PHNOM PENH — Leading clothing retailers such as Gap and H&M need to help alleviate labor abuses at factories in Cambodia that manufacture their products, a human rights organization said.
New York-based Human Rights Watch said in a report released Thursday that a special program to safeguard workers’ interests instituted by the UN’s International Labor Organization is subject to evasion that leaves factory employees vulnerable to unhealthy working conditions and unfair pay and benefits.
The 140-page report, “Work Faster or Get Out: Labor Rights Abuses in Cambodia’s Garment Industry,” said factors behind the problem include flaws in the ILO’s oversight program and a failure by Cambodian officials to enforce existing labor laws and standards, partly due to corruption.
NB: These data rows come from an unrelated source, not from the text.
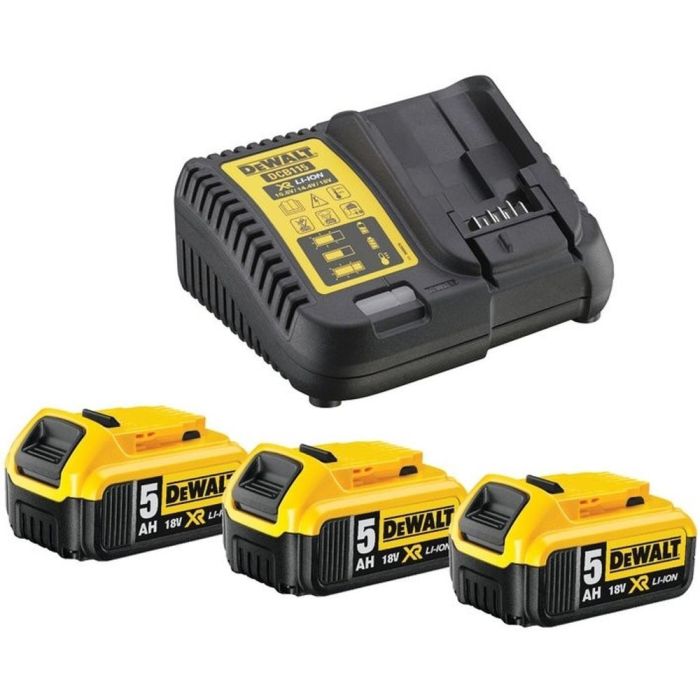 DeWALT - Set 3x acumulator Li-Ion XR 18V, 5.0Ah + incarcator [DCB115P3-QW]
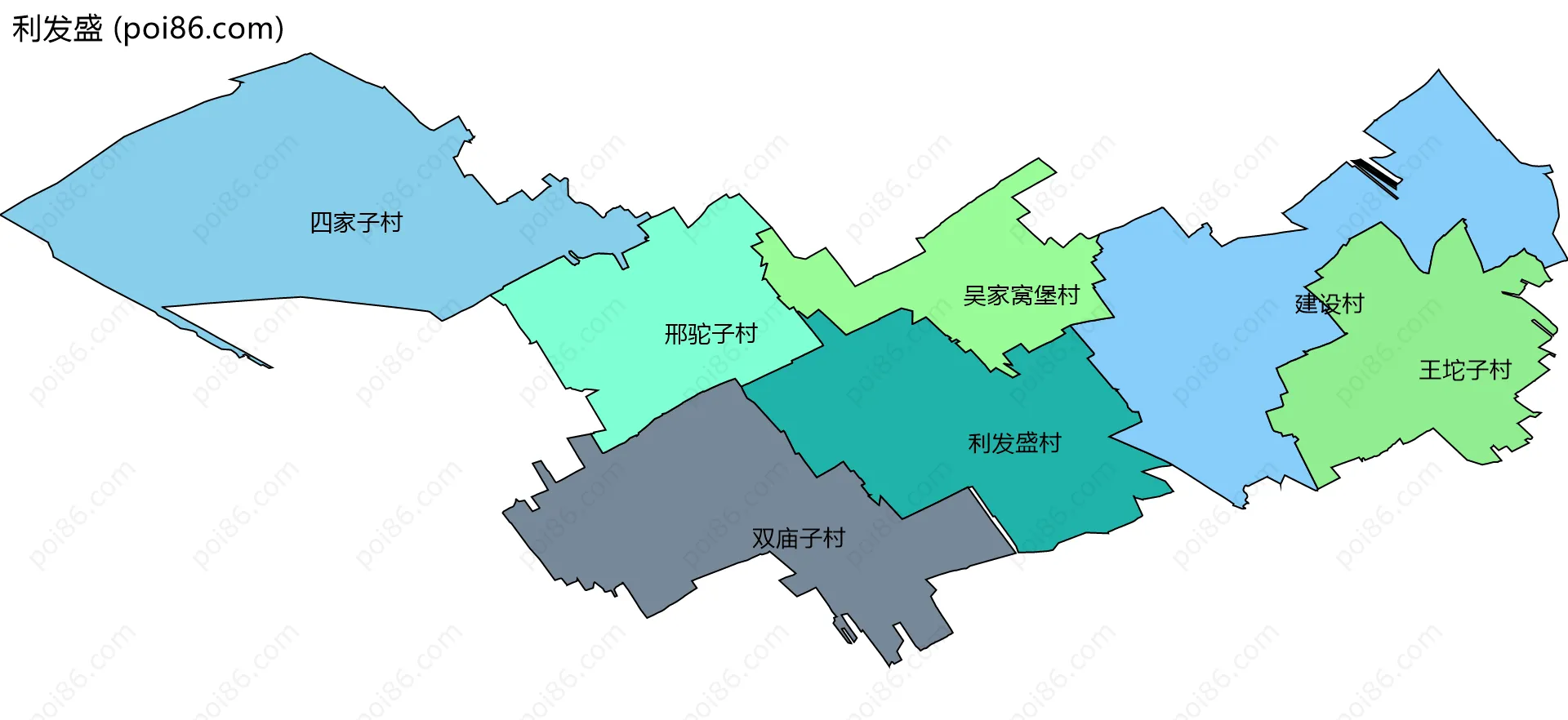 利发盛边界地图(五级行政区划)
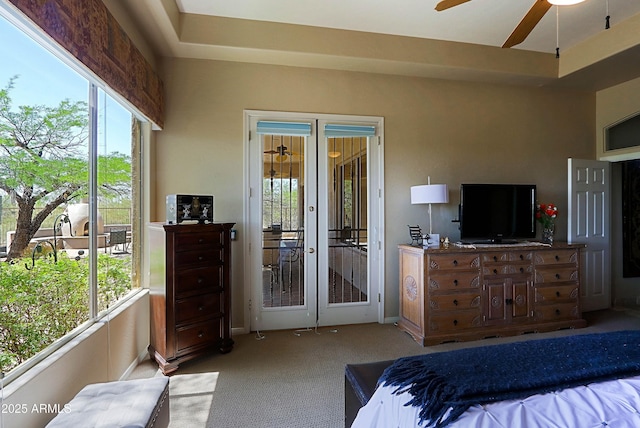 32516 N 68th Pl, Scottsdale, AZ 85266 - bedroom featuring french doors, access to exterior, and carpet flooring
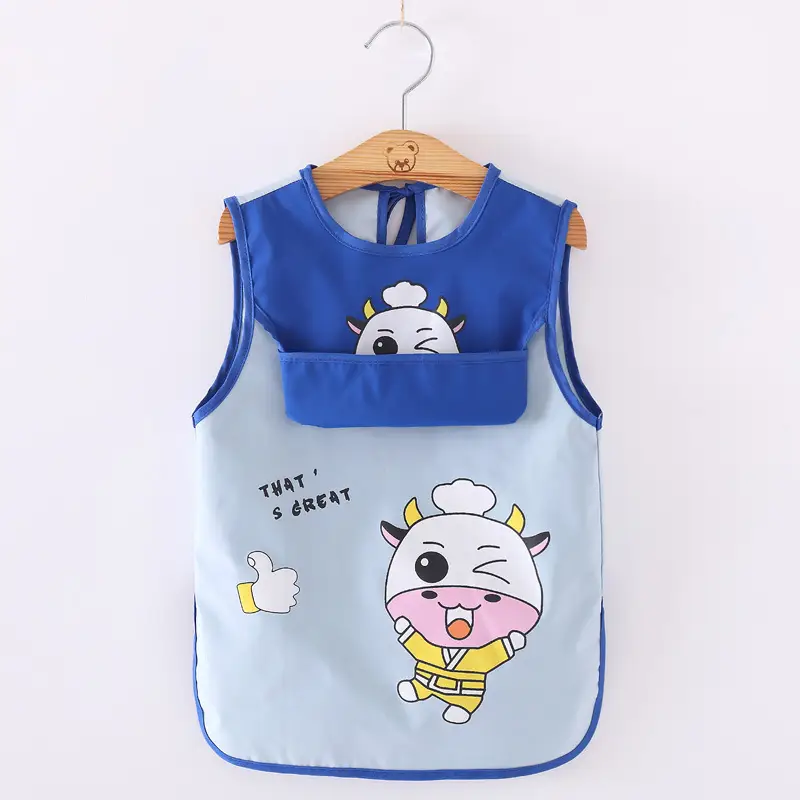 Waterproof Baby Apron for Boys Mid-Length Sleeveless - Image 15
It said its report was based on interviews with more than 340 people, including 270 workers from 73 factories in Phnom Penh and nearby provinces.
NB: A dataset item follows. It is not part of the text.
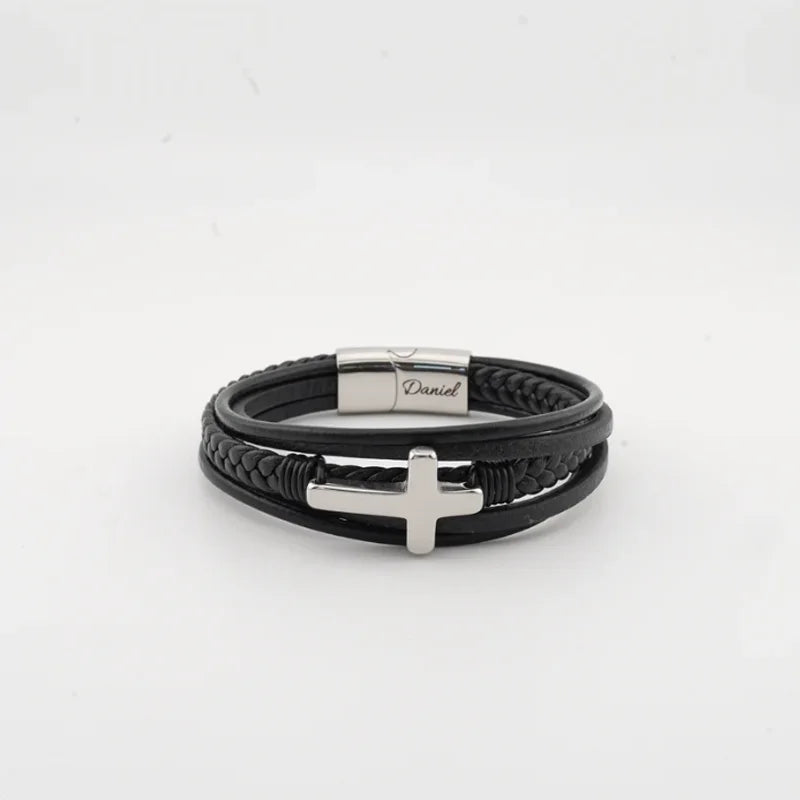 "To My Grandson" Bracelet With Custom Name Engraving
“The Cambodian government should take swift measures to reverse its terrible record of enforcing its labor laws and protect workers from abuse,” Aruna Kashyap, a researcher at Human Rights Watch, said in a statement. “These global apparel brands are household names. They have a lot of leverage, and can and should do more to ensure their contracts with garment factories are not contributing to labor rights abuses.”
Cambodia’s garment and textile exports for 2013 totaled $4.96 billion, roughly three-quarters of all the country’s exports, with the figure increasing to an estimated $5.7 billion last year, says the report. The industry employs an estimated 700,000 workers, about 90 percent of them women.
Production for major international brands is carried out by contractors whose export licenses are contingent on allowing inspections and reporting under a 14-year-old scheme worked out with the ILO called Better Factories Cambodia. The program has since been used in other developing nations to encourage good labor practices while promoting economic growth.
But the report echoes previous criticisms that the Cambodian program fails to curb significant labor rights abuses, including “forced overtime and retaliation against those who sought exemption from overtime, lack of rest breaks, denial of sick leave, use of underage child labor, and the use of union-busting strategies to thwart independent unions.”
It said the use of short-term contracts made it easier to fire and control workers, while poor government inspections and enforcement, and aggressive tactics against independent unions, made it difficult for workers to assert their rights.
A major source of the problems, the report said, was the generally unmonitored use of subcontractors—without the knowledge or agreement of the big brand companies—particularly because such establishments are not covered by the Better Factories Cambodia inspections.
Human Rights Watch says about 200 apparel brands source from Cambodia, adding it was in contact with six brands, of which Adidas, Gap, and H&M “seriously discussed their efforts to address the problems found.”